• WHAT NEEDS TO BE DONE:
Leaving out all pictures, return exactly the lines from the one that contains "55 Winges RD #Unit 4, Vaughan, ON L4L 6B3" through the end of the data below.

• RAW DATA:
****

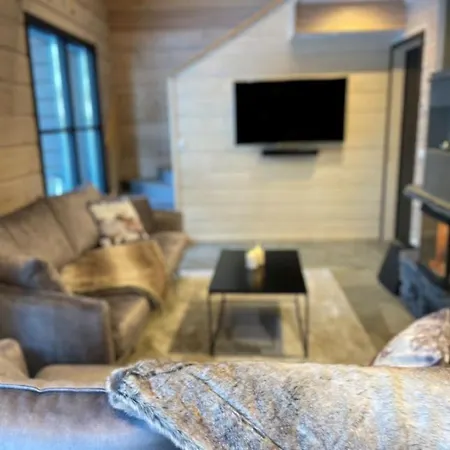 Levilla White - Peaceful Luxury In Prime Levi Location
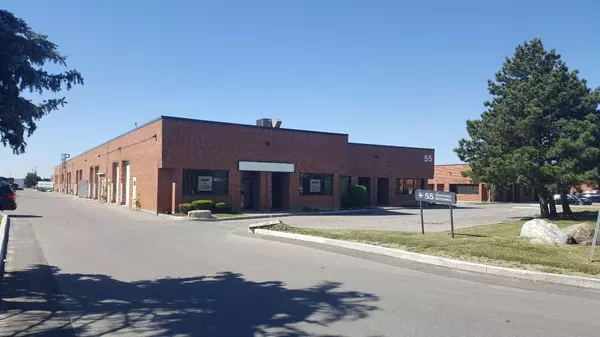 55 Winges RD #Unit 4, Vaughan, ON L4L 6B3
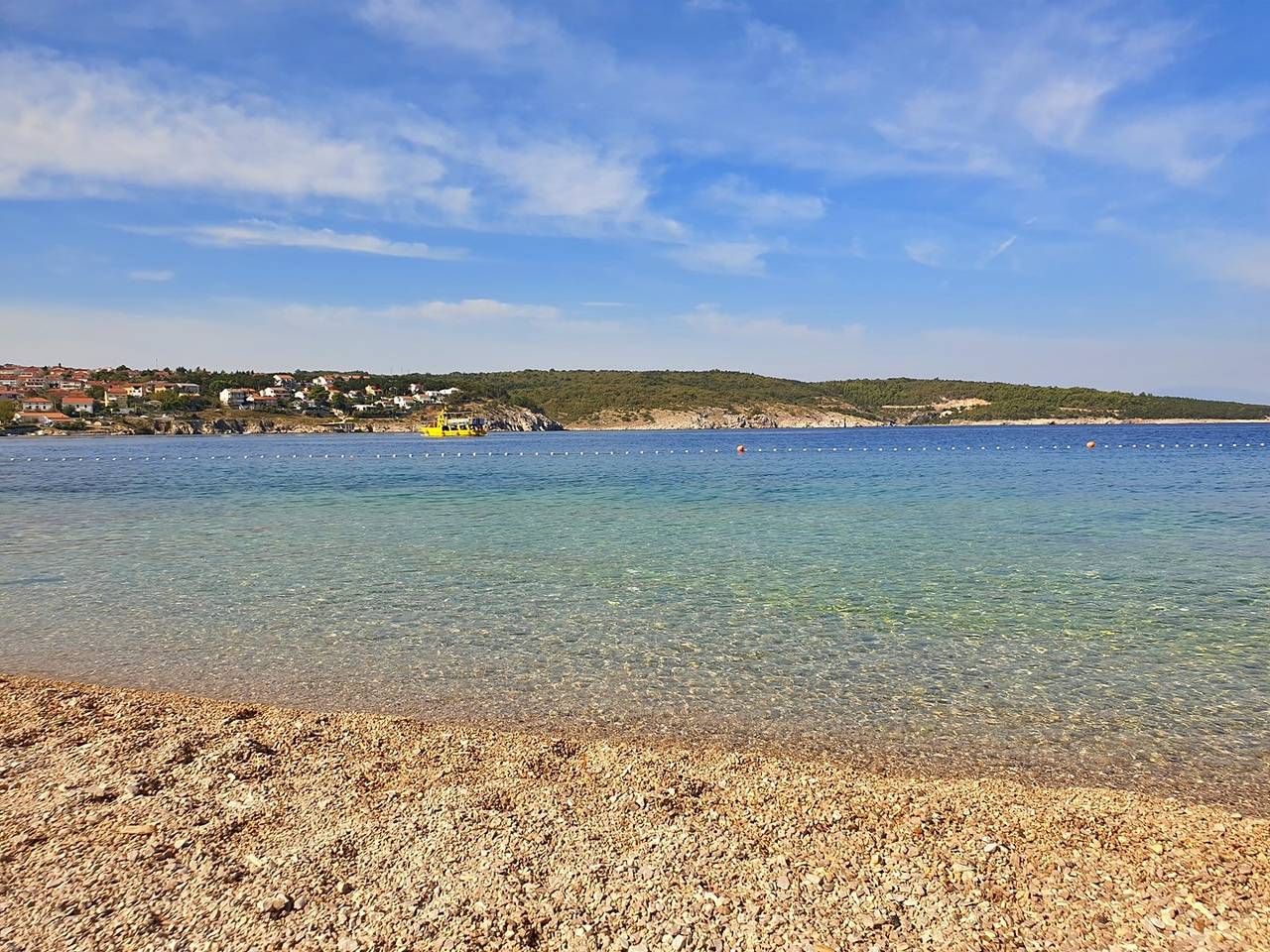 Apartamento entero, Apartment Villa Tiha - 10 m from the beach, sea view, balcony, seafront, private parking in Silo (Krk), Krk (isla)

****

• ANSWER BOX:
 55 Winges RD #Unit 4, Vaughan, ON L4L 6B3
 Apartamento entero, Apartment Villa Tiha - 10 m from the beach, sea view, balcony, seafront, private parking in Silo (Krk), Krk (isla)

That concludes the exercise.